TZIELD is an anti-CD3-directed antibody, indicated for administration as a once-daily intravenous infusion for 14 days, to delay the onset of Stage 3 T1D in adults and children aged eight years and older, currently with stage 2 T1D
US-based biopharmaceutical company Provention Bio has received the US Food and Drug Administration (FDA) approval for TZIELD (teplizumab-mzwv) to treat type 1 diabetes (T1D).
TZIELD is an anti-CD3-directed antibody, indicated for delaying the onset of Stage 3 T1D in adults and children aged eight years and older, currently with stage 2 T1D.
The drug is offered as a sterile, preservative-free, clear, and colourless solution in a 2mg/2mL (1mg/mL) single-dose vial for intravenous injection use.
It is said to be the first and only immunomodulatory treatment for the treatment of T1D and is administered as a once-daily intravenous infusion for 14 consecutive days.

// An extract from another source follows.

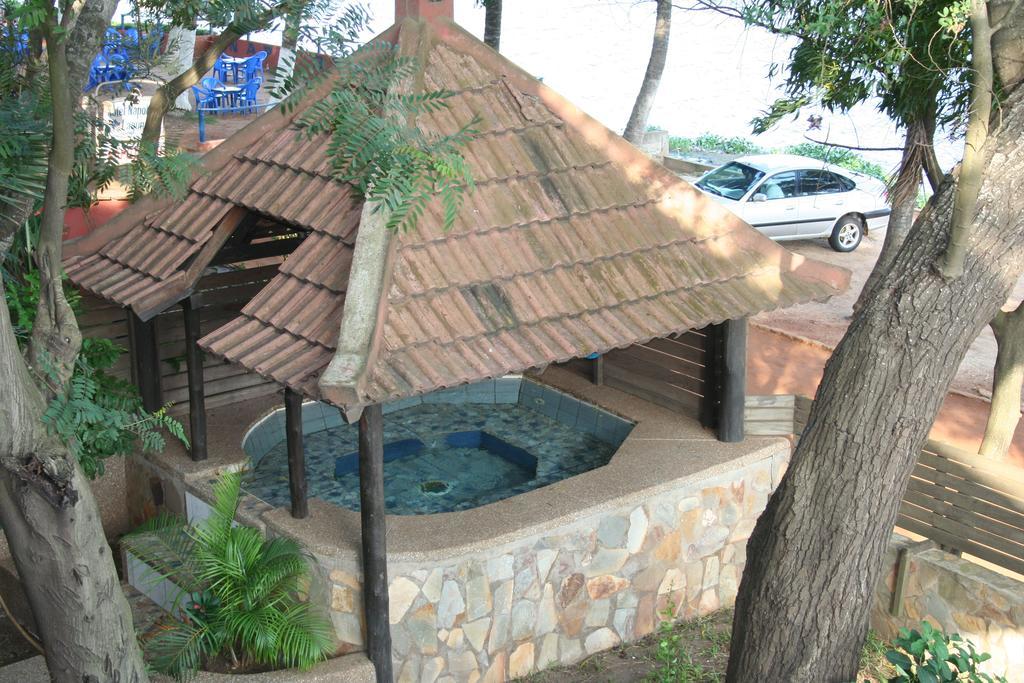 Hotel Napoleon Lagune Lomé Kültér fotó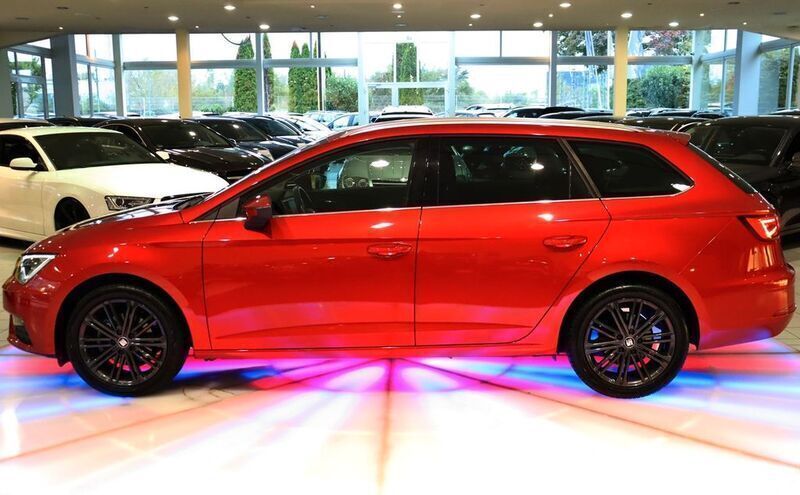 Second-hand Seat Leon ST XCELLENCE 131 CP (96 kW) 2020 Roșu Break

Provention Bio co-founder and CEO Ashleigh Palmer said: “This is a historic occasion for the T1D community and a paradigm-shifting breakthrough for individuals aged eight years and older with Stage 2 T1D who now have a therapy approved by the FDA to delay the onset of Stage 3 disease.
“It cannot be emphasised enough how precious a delay in the onset of Stage 3 T1D can be from a patient and family perspective; more time to live without and, when necessary, prepare for the burdens, complications and risks associated with Stage 3 disease.
“We would especially like to acknowledge and thank all the researchers, scientists, developers, and investigators, especially TrialNet and NIDDK; all the clinical trial participants and their families; the FDA and its reviewers; and JDRF and other patient advocacy groups and champions.”
The FDA approval for TZIELD is based on results from the TN-10, a randomised, double-blind, event-driven, placebo-controlled clinical study in 76 patients aged 8 to 49.
The study participants receive a 14 days course of either teplizumab or a placebo.
In the TN-10 study, Stage 3 T1D was diagnosed in 20 participants who were treated with TZIELD, and in 23 patients who were treated with a placebo.
Time from randomisation to development of Stage 3 T1D diagnosis is the primary efficacy endpoint of the study, and a cox proportional hazards model was used to analyse the time to Stage 3 T1D diagnosis.
The most common adverse reactions during treatment and 28 days after the last study of drug administration include lymphopenia, rash, leukopenia, and headache.
Provention Bio has launched COMPASS, a patient support program to help navigate coverage, reimbursement and access for patients that are prescribed TZIELD.
The company is also providing financial assistance to eligible patients.
Last month, Provention Bio has announced a co-promotion agreement with French pharmaceutical company Sanofi, for the US launch of TZIELD.
Sanofi US general medicines head Olivier Bogillot said: “We applaud Provention Bio for its unwavering determination to bring the first ever disease-modifying therapy for T1D to patients.
“We look forward to leveraging Sanofi’s established infrastructure and expertise in endocrinology to deliver for individuals in need across the US.”